Task to carry out> Check the entries below for lines with "Crew"; report only how many there are.

Source material>
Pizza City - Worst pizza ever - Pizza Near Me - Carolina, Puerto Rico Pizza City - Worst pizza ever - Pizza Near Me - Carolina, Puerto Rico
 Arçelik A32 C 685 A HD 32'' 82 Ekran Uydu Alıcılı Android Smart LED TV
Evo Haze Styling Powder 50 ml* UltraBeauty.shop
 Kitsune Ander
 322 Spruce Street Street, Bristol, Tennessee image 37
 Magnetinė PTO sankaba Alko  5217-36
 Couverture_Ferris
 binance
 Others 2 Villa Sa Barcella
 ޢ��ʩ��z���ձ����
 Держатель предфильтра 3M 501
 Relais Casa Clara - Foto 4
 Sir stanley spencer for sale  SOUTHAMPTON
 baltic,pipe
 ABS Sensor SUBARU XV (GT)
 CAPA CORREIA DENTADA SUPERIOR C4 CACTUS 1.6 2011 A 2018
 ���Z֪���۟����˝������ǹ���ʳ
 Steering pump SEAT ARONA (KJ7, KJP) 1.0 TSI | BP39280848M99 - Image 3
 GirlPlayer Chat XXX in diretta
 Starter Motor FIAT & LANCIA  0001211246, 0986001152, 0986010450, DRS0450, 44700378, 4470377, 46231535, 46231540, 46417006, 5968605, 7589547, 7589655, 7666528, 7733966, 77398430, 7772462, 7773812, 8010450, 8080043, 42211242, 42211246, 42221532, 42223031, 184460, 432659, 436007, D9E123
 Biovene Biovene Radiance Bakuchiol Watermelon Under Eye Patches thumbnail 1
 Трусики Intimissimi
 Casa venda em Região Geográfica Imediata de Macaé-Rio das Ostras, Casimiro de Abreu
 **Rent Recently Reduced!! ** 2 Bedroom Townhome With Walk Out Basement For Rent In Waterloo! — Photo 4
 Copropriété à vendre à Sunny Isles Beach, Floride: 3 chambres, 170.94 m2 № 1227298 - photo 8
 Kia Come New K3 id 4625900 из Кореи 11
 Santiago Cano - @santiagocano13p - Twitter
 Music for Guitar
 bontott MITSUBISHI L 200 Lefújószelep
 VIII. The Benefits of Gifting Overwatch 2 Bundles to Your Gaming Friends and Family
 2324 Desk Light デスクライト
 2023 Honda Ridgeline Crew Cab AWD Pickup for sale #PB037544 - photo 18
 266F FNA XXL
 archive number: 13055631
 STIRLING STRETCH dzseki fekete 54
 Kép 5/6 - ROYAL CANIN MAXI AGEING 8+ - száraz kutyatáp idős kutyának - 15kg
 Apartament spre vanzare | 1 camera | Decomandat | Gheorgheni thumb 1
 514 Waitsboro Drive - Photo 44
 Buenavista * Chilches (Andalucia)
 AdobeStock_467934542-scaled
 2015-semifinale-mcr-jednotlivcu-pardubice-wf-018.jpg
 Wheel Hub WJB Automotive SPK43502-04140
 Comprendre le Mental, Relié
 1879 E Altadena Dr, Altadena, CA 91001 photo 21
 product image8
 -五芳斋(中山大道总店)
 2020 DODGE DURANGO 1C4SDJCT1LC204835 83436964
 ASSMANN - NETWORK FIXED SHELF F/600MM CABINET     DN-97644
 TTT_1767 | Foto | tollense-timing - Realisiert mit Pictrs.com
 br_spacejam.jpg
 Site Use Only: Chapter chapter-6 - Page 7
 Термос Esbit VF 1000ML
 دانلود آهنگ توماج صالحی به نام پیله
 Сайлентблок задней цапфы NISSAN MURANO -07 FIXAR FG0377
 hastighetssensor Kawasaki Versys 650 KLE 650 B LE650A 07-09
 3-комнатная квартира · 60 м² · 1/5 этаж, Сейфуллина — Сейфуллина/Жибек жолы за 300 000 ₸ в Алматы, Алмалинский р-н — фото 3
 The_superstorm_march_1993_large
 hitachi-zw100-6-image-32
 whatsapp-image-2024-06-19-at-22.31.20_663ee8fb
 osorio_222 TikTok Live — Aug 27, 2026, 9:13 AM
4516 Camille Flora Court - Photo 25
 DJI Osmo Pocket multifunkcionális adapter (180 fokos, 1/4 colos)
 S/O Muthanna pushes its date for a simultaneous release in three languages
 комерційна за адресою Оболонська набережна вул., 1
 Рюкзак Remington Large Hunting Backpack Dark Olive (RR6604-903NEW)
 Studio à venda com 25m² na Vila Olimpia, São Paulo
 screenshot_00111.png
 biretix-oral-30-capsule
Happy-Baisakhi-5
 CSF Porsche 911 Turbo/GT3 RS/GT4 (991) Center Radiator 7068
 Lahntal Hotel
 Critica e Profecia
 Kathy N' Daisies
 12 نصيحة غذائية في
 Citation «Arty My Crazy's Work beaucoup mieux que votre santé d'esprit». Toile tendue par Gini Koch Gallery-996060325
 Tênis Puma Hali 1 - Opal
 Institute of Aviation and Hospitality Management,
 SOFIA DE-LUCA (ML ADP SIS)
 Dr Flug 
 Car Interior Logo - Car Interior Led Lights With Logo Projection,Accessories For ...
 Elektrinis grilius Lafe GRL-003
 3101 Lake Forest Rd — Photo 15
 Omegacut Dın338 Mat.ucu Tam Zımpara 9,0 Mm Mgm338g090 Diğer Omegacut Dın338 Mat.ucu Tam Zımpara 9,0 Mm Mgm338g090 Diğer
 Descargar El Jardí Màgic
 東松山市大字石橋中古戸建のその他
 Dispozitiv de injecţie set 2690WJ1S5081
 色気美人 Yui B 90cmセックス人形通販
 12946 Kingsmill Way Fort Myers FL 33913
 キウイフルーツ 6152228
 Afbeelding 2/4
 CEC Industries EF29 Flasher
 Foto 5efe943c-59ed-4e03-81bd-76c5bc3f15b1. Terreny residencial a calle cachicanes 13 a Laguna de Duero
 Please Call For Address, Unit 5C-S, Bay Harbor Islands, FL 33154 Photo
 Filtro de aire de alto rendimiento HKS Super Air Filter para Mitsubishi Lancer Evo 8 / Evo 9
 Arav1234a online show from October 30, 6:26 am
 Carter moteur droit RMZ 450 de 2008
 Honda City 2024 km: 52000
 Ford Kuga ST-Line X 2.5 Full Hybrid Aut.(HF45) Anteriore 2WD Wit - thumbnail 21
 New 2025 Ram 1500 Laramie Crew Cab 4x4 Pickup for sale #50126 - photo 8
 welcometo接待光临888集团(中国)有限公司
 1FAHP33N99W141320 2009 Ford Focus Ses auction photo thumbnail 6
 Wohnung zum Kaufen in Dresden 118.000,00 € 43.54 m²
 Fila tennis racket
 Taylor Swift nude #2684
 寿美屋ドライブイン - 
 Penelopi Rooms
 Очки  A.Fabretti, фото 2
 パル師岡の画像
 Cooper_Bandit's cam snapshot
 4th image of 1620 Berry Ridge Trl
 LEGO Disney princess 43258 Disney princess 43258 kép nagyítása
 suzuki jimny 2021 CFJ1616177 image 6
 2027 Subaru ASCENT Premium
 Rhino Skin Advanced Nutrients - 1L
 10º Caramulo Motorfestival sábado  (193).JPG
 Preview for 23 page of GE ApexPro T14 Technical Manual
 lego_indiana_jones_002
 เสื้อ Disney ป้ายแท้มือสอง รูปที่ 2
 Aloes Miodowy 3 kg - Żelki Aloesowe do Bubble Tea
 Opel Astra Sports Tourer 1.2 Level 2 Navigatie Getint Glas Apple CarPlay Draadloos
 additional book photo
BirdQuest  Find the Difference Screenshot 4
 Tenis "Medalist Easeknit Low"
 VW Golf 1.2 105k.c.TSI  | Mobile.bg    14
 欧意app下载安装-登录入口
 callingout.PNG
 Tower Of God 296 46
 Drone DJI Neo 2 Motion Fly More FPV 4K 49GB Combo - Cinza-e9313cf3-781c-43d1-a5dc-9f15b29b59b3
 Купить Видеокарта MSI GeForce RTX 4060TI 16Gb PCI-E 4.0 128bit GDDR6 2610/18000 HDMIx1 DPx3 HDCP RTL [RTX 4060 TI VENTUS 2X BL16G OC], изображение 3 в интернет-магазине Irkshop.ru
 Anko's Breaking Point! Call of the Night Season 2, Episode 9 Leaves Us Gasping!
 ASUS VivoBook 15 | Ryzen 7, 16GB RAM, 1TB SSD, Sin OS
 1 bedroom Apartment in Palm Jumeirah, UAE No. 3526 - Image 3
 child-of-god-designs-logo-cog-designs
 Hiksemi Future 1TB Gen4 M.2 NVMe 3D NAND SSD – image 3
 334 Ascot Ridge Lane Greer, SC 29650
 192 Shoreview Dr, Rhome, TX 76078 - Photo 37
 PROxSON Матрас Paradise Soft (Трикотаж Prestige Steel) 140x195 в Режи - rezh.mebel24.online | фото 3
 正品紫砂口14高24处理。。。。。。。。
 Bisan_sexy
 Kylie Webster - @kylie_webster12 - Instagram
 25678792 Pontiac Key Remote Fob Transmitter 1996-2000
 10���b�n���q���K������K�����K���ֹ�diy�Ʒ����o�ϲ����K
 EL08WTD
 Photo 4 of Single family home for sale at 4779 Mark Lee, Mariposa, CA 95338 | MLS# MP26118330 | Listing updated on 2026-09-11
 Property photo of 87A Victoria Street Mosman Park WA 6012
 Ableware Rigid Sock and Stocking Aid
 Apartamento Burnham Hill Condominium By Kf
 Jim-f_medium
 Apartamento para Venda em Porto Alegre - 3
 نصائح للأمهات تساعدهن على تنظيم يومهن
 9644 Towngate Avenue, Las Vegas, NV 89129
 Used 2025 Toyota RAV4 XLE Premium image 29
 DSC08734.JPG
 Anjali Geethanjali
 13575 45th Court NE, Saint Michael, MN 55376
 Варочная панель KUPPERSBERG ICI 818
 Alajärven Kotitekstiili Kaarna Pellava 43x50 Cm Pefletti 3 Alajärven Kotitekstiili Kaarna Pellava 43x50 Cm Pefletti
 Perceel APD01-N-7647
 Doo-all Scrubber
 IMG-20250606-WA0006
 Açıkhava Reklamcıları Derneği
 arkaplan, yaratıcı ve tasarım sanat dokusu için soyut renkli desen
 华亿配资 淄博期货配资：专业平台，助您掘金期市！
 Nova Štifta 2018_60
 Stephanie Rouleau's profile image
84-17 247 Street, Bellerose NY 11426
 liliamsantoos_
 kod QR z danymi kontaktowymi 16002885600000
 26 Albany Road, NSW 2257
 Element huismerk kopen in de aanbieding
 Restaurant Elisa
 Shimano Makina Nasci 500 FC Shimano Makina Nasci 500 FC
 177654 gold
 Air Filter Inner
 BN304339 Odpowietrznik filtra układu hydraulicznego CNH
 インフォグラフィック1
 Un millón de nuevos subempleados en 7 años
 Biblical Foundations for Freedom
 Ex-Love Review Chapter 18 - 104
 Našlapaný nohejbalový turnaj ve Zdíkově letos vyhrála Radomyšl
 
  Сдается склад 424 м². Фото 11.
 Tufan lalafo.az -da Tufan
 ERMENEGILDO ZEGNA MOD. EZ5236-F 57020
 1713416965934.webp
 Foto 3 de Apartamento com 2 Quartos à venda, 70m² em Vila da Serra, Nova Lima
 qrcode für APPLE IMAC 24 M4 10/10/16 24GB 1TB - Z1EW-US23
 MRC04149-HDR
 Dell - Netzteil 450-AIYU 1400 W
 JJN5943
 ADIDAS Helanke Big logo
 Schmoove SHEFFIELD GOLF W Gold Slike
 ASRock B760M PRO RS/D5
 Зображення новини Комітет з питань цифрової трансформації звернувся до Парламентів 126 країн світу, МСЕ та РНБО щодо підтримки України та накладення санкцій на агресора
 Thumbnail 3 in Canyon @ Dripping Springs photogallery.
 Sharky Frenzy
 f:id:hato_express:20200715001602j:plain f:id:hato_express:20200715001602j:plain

Answer> 2